Truths are lies when the are misapplied. One of the most common failures I feel like many Christians (and pastors) make is that we haven't reckoned with this fact. We take certain teachings and ideas in Scripture and connect them to situations where they don’t belong. We make truths into truisms, bumper stickers to slap on any surface, and there is real damage that results.

I was thinking about this recently as I dialogued with a few folks about what I wrote about the scandal surrounding Ravi Zacharias, who internal investigations found had misbehaved sexually in some truly egregious ways. What I noticed was the way certain Christians immediately went to familiar statements: “We’re all sinners.” “Sin is sin.” “I am no better than him.” “There but for the grace of God…” etc.

The reason I struggled in these conversations is because none of those sayings are untrue. However, I think they are dangerous in such cases of scandal because they are not saying all that Scripture would say, and so I want to spend some time discussing what is true about them and then how they can be destructively misapplied.

What Is True

In the first place, the root of statements like “sin is sin” is a biblical insistence that we cannot justify ourselves simply by comparing ourselves to others. We ought not adopt the posture of the Pharisee who prays, “I thank you God that I am not like this publican.” Evil is not graded on a curve; the fact that mass murderers exist doesn’t make single homicides any better, and the fact that I have managed to avoid killing even one person doesn’t make me innocent of the ways I’ve used and hurt others.

Likewise, all sin separates us from a holy God. This is because sin is, by its very nature, rebellion against God and an assault on His holiness. It puts us in opposition to our Creator, and we cannot paper over it simply because our personal war on heaven has only used conventional weapons. We must all be saved by grace.

What’s more, there is an ultimate sense in which “there but for the grace of God go I” is an appropriate attitude. We could all be much worse than we are, and it is mercy that we are not. While we work out our salvation with fear and trembling, we do so recognizing that it is God who works in us.  We don’t deserve ultimate credit for the good in us: God created us, God providentially shapes and grows us, and God deserves the glory for what He has made. 

What Gets Misapplied

However, I have three concerns if this is all that we say about topics of scandalous and destructive sin.
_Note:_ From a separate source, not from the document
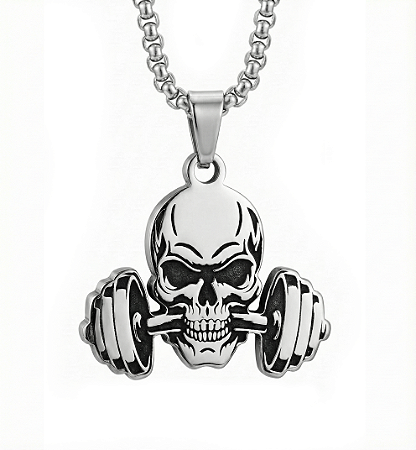 COLAR COM PINGENTE CAVEIRA CROMO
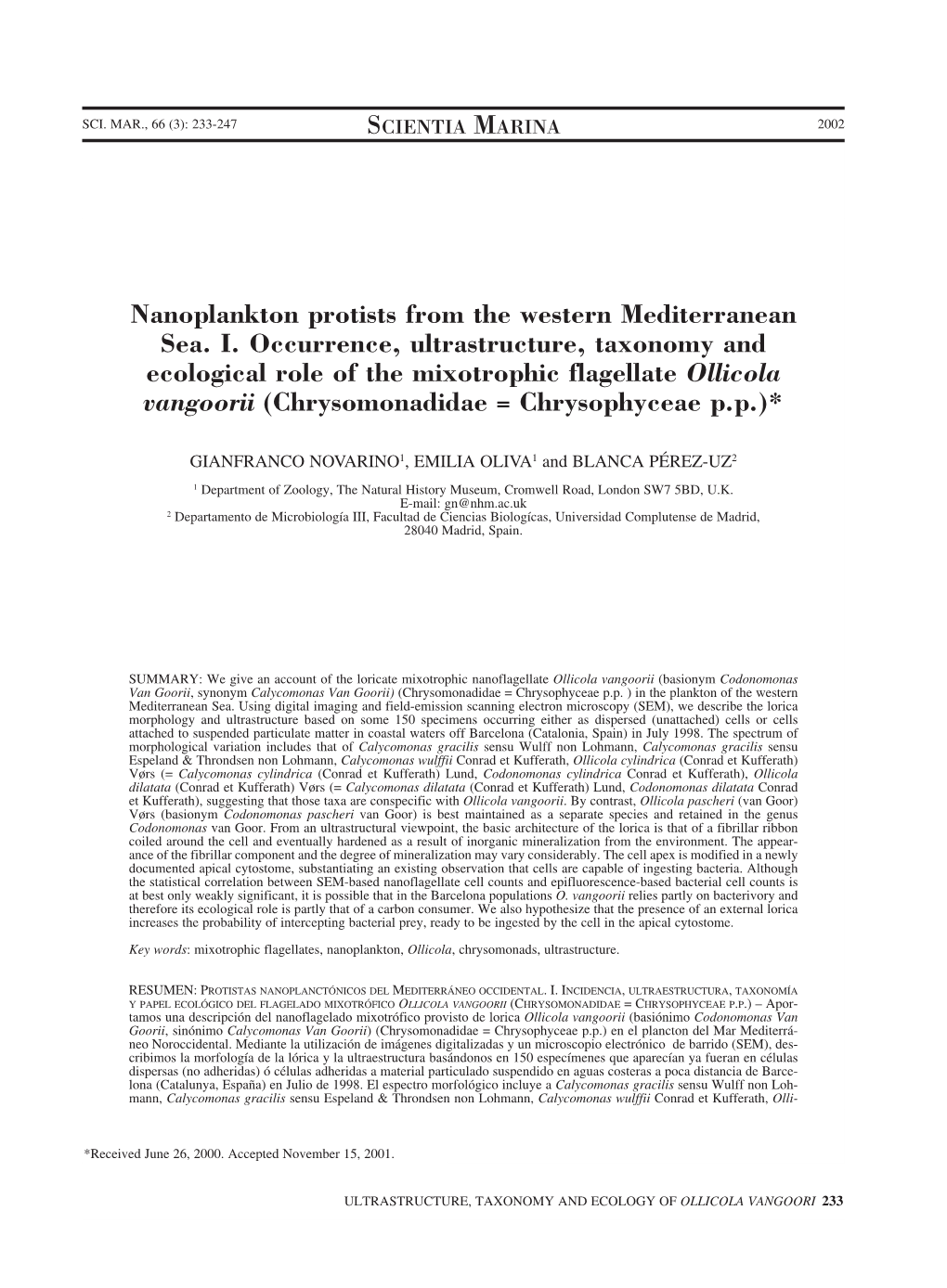 Nanoplankton Protists from the Western Mediterranean Sea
First, while all sin is cosmically equal in that it is rebellion against God, that does not mean all sin is equal in terms of its consequences on others or of God’s judgment on it. Scripture makes clear that in eternity there are degrees of punishment for sin (Matthew 10:15, 11:22-24, Romans 2:5, Hebrews 10:29). Even within history, some sins have far more destructive effects. When David rapes Bathsheba and kills Uriah, that sin costs him the life of one son, the loyalty of another (in Absalom’s rebellion), shatters his family, and is ultimately the root of the generational brokenness that splits the kingdom and leads it into exile. Had he looked at her with lust but then restrained himself from acting, while that still would have been a grave sin in the eyes of God that demanded repentance, its destructive consequences would have been much less.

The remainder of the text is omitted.